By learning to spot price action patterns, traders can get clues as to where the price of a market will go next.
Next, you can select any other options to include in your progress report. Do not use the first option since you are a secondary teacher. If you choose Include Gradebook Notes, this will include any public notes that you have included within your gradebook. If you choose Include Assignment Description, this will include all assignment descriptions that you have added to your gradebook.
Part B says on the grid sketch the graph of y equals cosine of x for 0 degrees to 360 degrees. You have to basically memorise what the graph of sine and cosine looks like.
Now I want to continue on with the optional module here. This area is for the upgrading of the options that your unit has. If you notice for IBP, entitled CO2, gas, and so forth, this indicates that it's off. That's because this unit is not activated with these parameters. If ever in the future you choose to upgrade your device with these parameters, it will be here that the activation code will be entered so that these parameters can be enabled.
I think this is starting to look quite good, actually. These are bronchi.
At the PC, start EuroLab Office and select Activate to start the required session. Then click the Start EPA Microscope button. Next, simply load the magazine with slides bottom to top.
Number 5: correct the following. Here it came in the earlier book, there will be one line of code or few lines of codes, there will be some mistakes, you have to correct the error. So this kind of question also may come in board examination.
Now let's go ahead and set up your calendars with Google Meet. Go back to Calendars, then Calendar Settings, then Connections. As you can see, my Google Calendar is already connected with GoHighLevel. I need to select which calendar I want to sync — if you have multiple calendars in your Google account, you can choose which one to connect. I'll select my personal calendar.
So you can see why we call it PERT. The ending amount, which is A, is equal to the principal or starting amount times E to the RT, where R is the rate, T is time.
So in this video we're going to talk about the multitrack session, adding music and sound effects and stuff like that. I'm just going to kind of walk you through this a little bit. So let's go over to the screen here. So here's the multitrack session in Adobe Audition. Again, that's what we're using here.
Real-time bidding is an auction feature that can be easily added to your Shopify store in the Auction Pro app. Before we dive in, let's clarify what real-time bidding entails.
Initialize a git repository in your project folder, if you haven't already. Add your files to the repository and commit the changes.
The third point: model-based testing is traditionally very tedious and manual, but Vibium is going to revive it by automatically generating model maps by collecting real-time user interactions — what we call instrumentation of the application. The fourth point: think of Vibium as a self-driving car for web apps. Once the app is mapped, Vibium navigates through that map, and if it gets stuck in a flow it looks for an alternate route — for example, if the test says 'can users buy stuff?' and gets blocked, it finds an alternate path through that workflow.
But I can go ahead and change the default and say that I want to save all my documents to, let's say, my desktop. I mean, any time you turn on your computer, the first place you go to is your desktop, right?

**Your instructions**.
Copy the lines above exactly, beginning at the line that has "At the PC, start" and stopping after the line that has "Number 5: correct", and omit the rest.

**Completed task**.
At the PC, start EuroLab Office and select Activate to start the required session. Then click the Start EPA Microscope button. Next, simply load the magazine with slides bottom to top.
Number 5: correct the following. Here it came in the earlier book, there will be one line of code or few lines of codes, there will be some mistakes, you have to correct the error. So this kind of question also may come in board examination.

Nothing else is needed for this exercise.